M83 pours its soft-spoken romanticism over a packed Irving Plaza in Manhattan.

By David Sessions    Jan 26, 2009    SHARE



IF IT ISN’T worth
taking time to enjoy, then it doesn’t typically come from France. Soundboard-twisting Frenchman Anthony Gonzalez, known with his entourage as M83, perhaps represents his country’s long tradition of unhurried pleasure better than last year’s saveur de l'instant, the raucous duo Justice. His albums—five of them since 2001—are full of meandering atmospheres, gentle ambience, and at times heart-wrenching romanticism. And despite the more structured nature of his latest effort, the 2008 favorite Saturdays=Youth, M83 transferred that deep moodiness into a hazy, dreamlike hour of majesty last weekend at Irving Plaza in Manhattan.

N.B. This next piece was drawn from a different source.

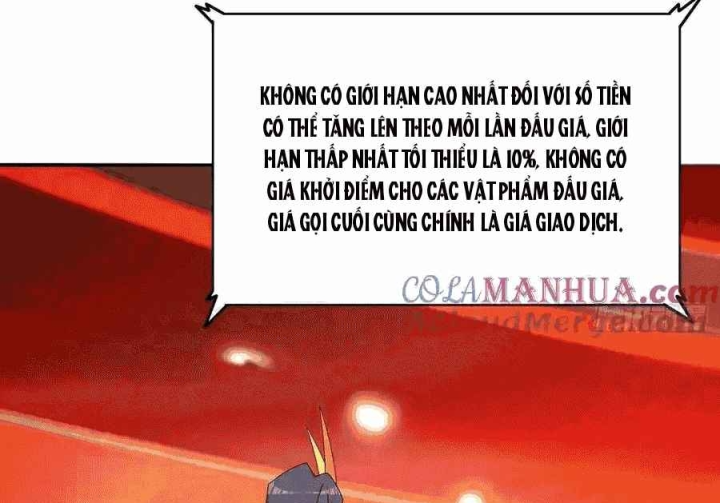 Ta Nhặt Được Thuộc Tính Tại Tu Chân Giới Chapter 325 - Trang 4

 For all its fascination with the 80s, hearing Saturdays=Youth live is a thoroughly 21st-century experience. Neither a retro dance party nor a pedal-affected, cerebral rock performance, it puts a modern spin—standing still listening to electronic music—on two rich performance archetypes: Justice’s thrashing discotheque antics and My Bloody Valentine’s ear-murdering oceans of distortion, both of which have been heard in New York clubs in the past few months. M83 falls somewhere in between. We saw nearly as few instruments on stage Saturday night as appear on a cross-emblazoned Justice platform—a Macbook Pro and a neon-lit custom effects box provided much of the evening’s deafening noise. But instead of the sweaty dance eros, M83’s presence is engulfing, stunning—like a seductive trance that whispers in your ear even while it shakes your bones, and disappears before you’ve regained your senses.

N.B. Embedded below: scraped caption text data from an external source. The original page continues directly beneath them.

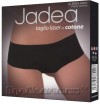 JADEA 8003 PANTY DONNA 3(S), Bianco фото 1 — EstoreClothes JADEA 8003 PANTY DONNA 3(S), Bianco фото 1 — EstoreClothes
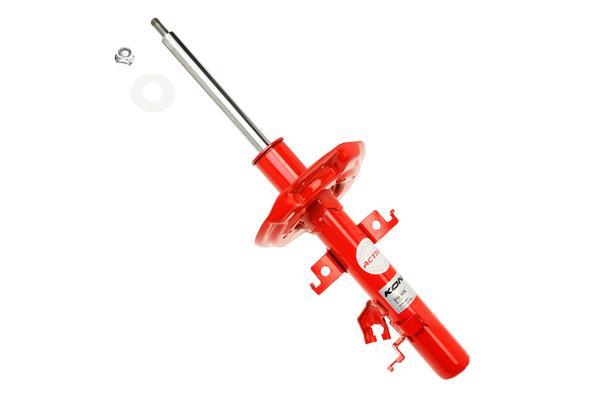 Amortiguador KONI SPECIAL ACTIVE - ref. 8745-1410L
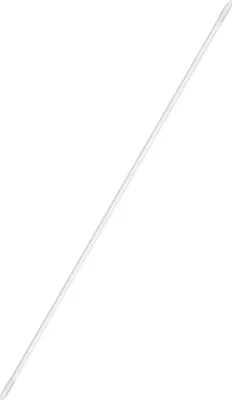 Produktbild von OSRAM LED Röhre DALI EXTERNAL T5 HO 26W 6500K 1149mm 4058075730496 wie 54W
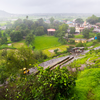 Maharashtra Ghat Circuit- Lonavala, Khandala, and Igatpuri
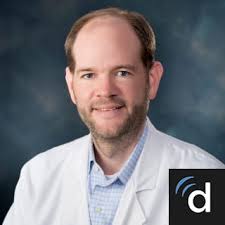 Dr. Micheal S. Scott, DO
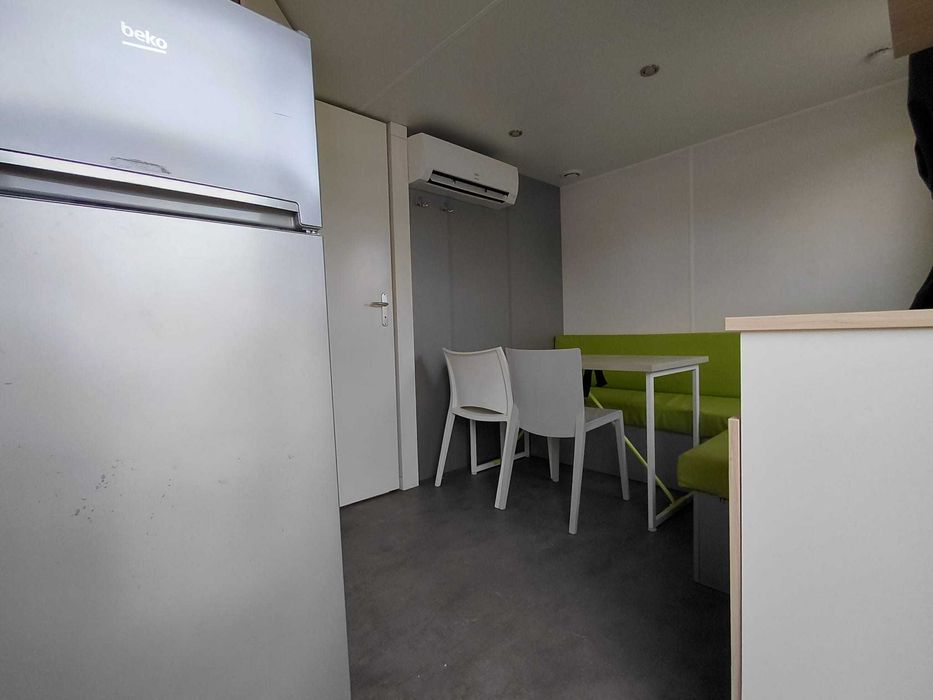 Casa Móvel de 20m2 à venda em Portugal, Algarve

Gonzalez, the group’s shy mastermind, is an anti-front man. He didn’t speak a word from the stage, other than the occasional, humbled-sounding “thank you” after a particularly thunderous applause. He began the set alone, spending a long twenty minutes toying with his magic box—cranking out layers that sounded like, by turns, thunderstorms, weeping rain, a monster’s thudding footsteps. Evocative and cinematic, almost as visual as the movies he claims inspire him more than hearing other people’s music. It felt carefully scripted, as if Gonzales were following a storyboard, though he might well have been improvising.

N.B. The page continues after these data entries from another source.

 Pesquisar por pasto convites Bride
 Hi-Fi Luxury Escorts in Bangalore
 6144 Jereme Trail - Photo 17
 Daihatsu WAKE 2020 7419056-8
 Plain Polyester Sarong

 The M83 band is little more than backup, though the energy in the room skyrocketed when they joined Gonzalez on stage. He seems particularly at home across the keys from Morgan Kibby, the angel-voiced prima donna with whom he shares the vocal duties on Saturdays=Youth. (Unsure of his own singing, he often employs guests for moral support.) Her bright smile and metallic shirt sparkling, Kibby performed with intense feeling, closing her eyes, gazing heavenward, tossing back her Amelie bob. Facing one another, Gonzalez and Kibby were the perfect partners in crime, each confidently anticipating every note and closely watching one another for cues. Without altering this stage setup, they swooned through M83’s hits, emphasizing new numbers (and obvious crowd-pleasers) like “Kim & Jessie,” “Graveyard Girl,” and “We Own the Sky.”

I’m of the firm opinion that standing still watching four well-behaved guys play instruments is fundamentally boring and altogether too common in our age of disappearing virtuosos and unenlightened stage presence. M83 admirably compensated by forgoing an opening act and wrapping up after a tight 90 minutes—just long enough for the stardust from their shtick to settle. An hour and half is plenty long to stand still, and just long enough for a soft-spoken Frenchman to prove himself a more compelling musician than the megalomaniacs with whom he'd share the stage at Madison Square Garden the following night.